Terim'in açıklamalarından öne çıkan başlıklar şöyle:
'BÖYLE ŞIMARIKLIKLARLA GÜNDEME GELMEKTEN…'
Son günlerde ülkede Mehmetçikler toprağa düşerken, gençleri eğitmek için var gücüyle savaşan genç öğretmenlerimiz hain saldırılarda can verirken, dışarıdaki düşmanların hepsi ülkemizin karşısında dururken, içeriden ve dışarıdan bir çok düşmanla mücadele ederken, böyle bir şımarıklılıkla gündeme gelmekten büyük bir hicap duyuyorum. Ama, dünyanın kendi etrafında dönmediğini kendi derdimin en büyük dert olmadığını, yaşananlardan kısa bir süre sonra kimsenin bu konuyu umursamayacağını bildiğim için açıkçası çok da üzülüyorum. Yine de bir söz verdim. Olayları elimden geldiğince açıklamaya çalışacağım.

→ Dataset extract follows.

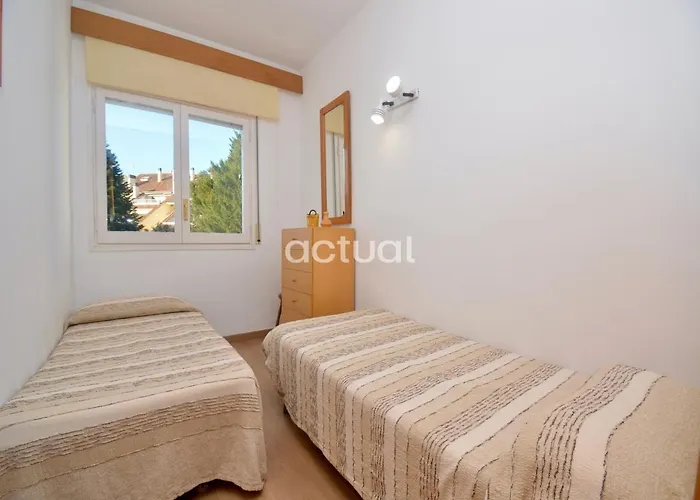 Apartamento Palomas Esc. A 1-1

'GAZETECİLERİ UÇAĞA BEN ALDIM'
Olay Bilal Meşe olayı değildir. Olay gazetecilerin uçağa alınması meselesi de değildir. Gazetecileri uçağa ben aldım. 3 ay önce programları yaparken, ramazana denk gelirken, Hocam 1070 km Üsküp veya Trieste… Eğer bizim uçağımızla gelmezlerse, zaten Makedonya maçı gece 12'de bitiyor. O durumda sahura kadar yolculuk yapacaklar. Bu ilk uygulamamız değildir. Sizin müdürleriniz de geldi. Bütün genel yayın yönetmenleriyle de beraber gittik. Çok da hoş oldu. Bizim her tarafımızı öğrenmiş olurlar. Ben oyuncuya da söyledim. Uygulamaya oyunculara söylemek zorunda değil. Ayrıca gazeteler parasını TFF'ye veriyor. Biz ilk sıralardan itibaren sizi alıyoruz. Bir baraj kuruyoruz, arkasına da oyuncularımızın rahat edeceği bir uygulamaya gidiyoruz.
'O SIRADA MAÇ İZLİYORDUM'
- Ben uçaktaydım. O oyuncu (Arda Turan) diyor ki basına; 'Size buraya aldıranın.. hadi neyse' diye. Doğru mu? Ben buradayım. Benim yerim belli! Uçaktaki olayın olduğu yerle benim oturduğum yerin arasında epey mesafe var. Hostes ile gazeteci arasında tartışma var sandım. Ben o sırada iPad'den maç izliyordum.
'ARDA GÜLÜYORDU'
Sonrasında baktım, baya gülen bir oyuncu (Arda Turan) gördüm. Demek ki sorun yok diye düşündüm. Baya gülüyordu. Olay bana sahurda anlatıldı. Uçaktan inip arabama bindikten sonra bana her şeyi anlattılar. Ben de şimdi yatın, sabah hallederiz dedim. 'Üzerine yatın, sabah halledeceğiz' dedim. Ertesi gün bana müsaade edin dedim federasyona. Arda'nın yaptığının karşılığı zaten belliydi. Arkamızdan konuşulanları bilmiyoruz. Öyle bir sıkıntısı varsa (Arda), yüzüme söyleyecek. Bizim yerimiz, yurdumuz belli.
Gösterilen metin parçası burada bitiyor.